East Jerusalem, where the Israeli government announced it was going to build 1,600 new housing units just as Vice President Joe Biden arrived in the country for a visit, is considered by the United States to be occupied territory. Israel's intention to build more settler apartments at Jerusalem's historic Shepherd Hotel falls in the same category of Israeli expansion onto land that would, if negotiations succeeded, likely be part of the capital of a new Palestinian state.
Mr. Netanyahu's refusal to retract his government's statement of intention to construct the new housing was met during his visit by critical statements from Secretary of State Hillary Clinton and what appears to have been an unfruitful, closed meeting with President Barack Obama. The impending peace talks, of course, are dead for the moment.

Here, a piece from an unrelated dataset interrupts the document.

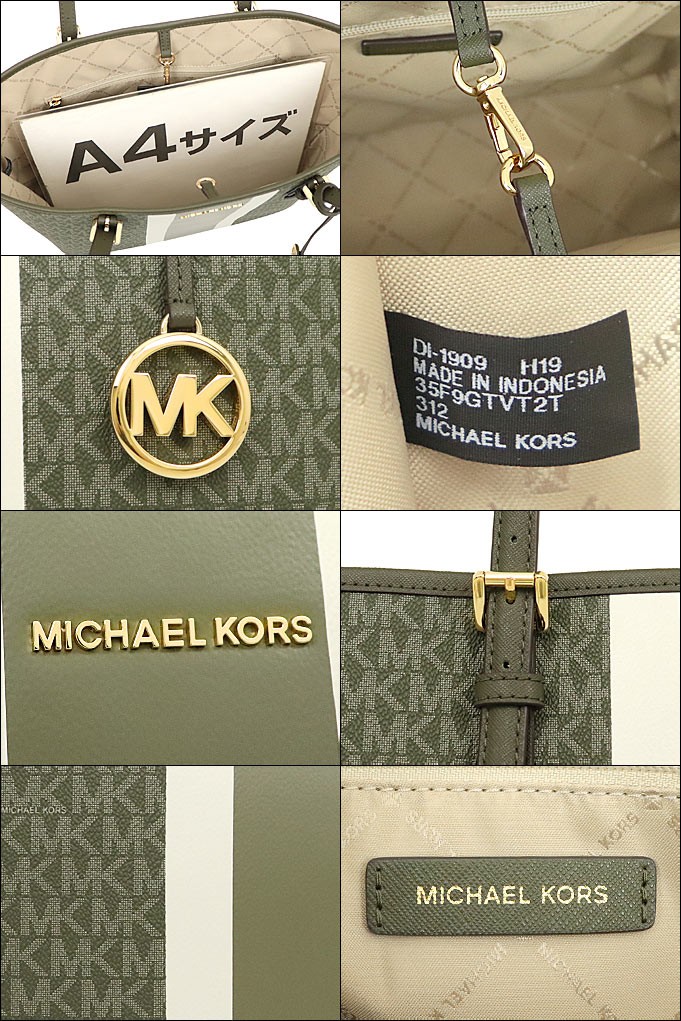 マイケルコース MICHAEL KORS トートバッグ 35F9GTVT2T アイビーマルチ ジェット セット トラベル シグネチャー センター  ストライプ キャリーオール レディース : mk-ba200120-22 : インポートコレクションYR - 通販 - Yahoo!ショッピング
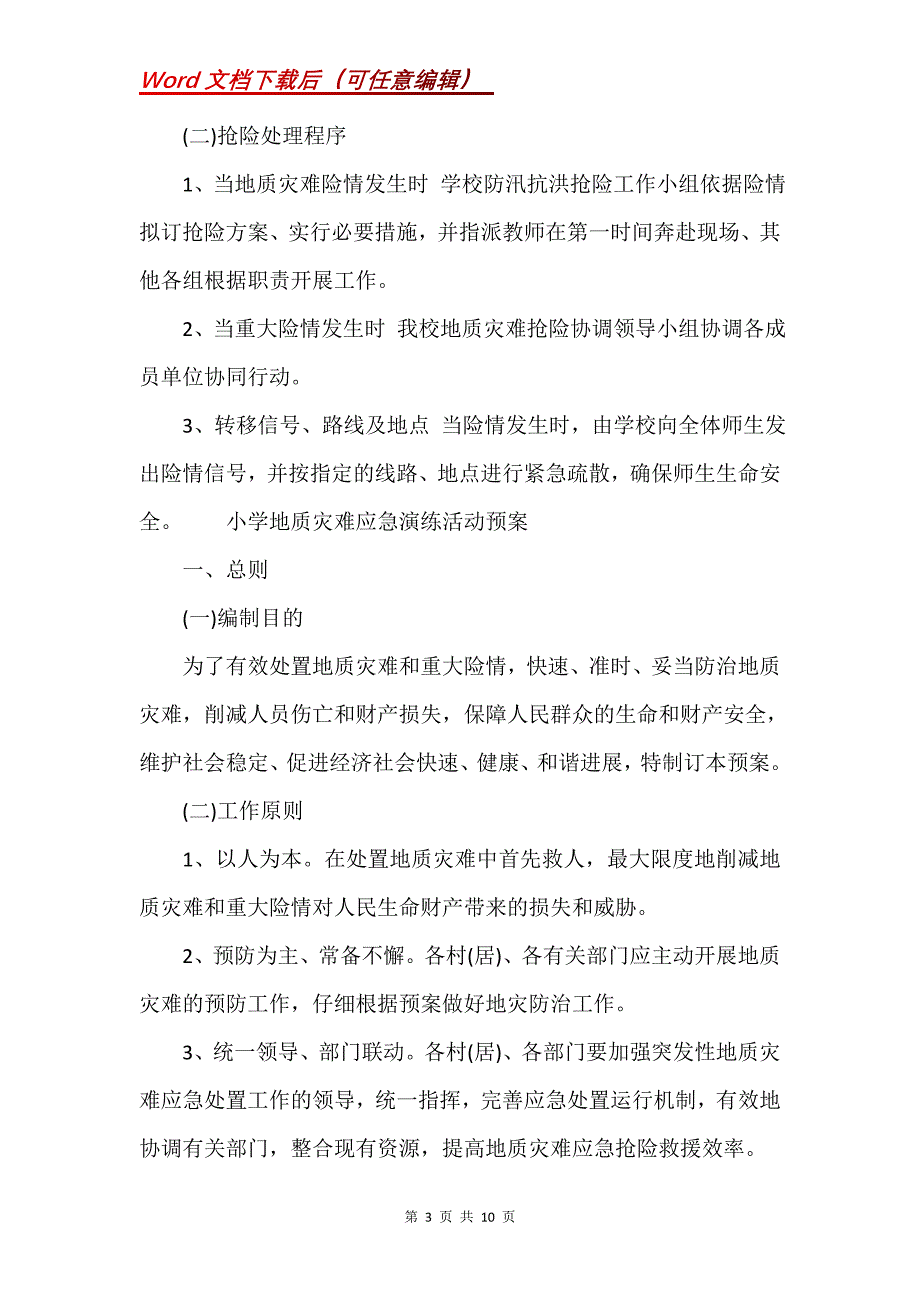 小学地质灾害应急演练活动预案(Word）_第3页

Mr. Netanyahu's government poisoned the well with the United Kingdom, normally another friend of Israel's, by its intelligence service's likely use of altered British passports to obtain entry to Dubai for assassins who killed Hamas leader Mahmoud al-Mabhouh there in January. In return, the British are expelling an officer of the Israeli Embassy in London who is believed to be the station chief of its intelligence service, Mossad, although neither country has given the name or position. The Israelis also apparently used passports of Australia, France, Germany and Ireland for the same purpose, angering those countries as well.
It is hard to see any useful purpose served in the crucial quest for Middle East peace by these actions on Israel's part, unless Mr. Netanyahu is seeking to develop a "hard right-winger who then made peace" image. But that would be difficult casting.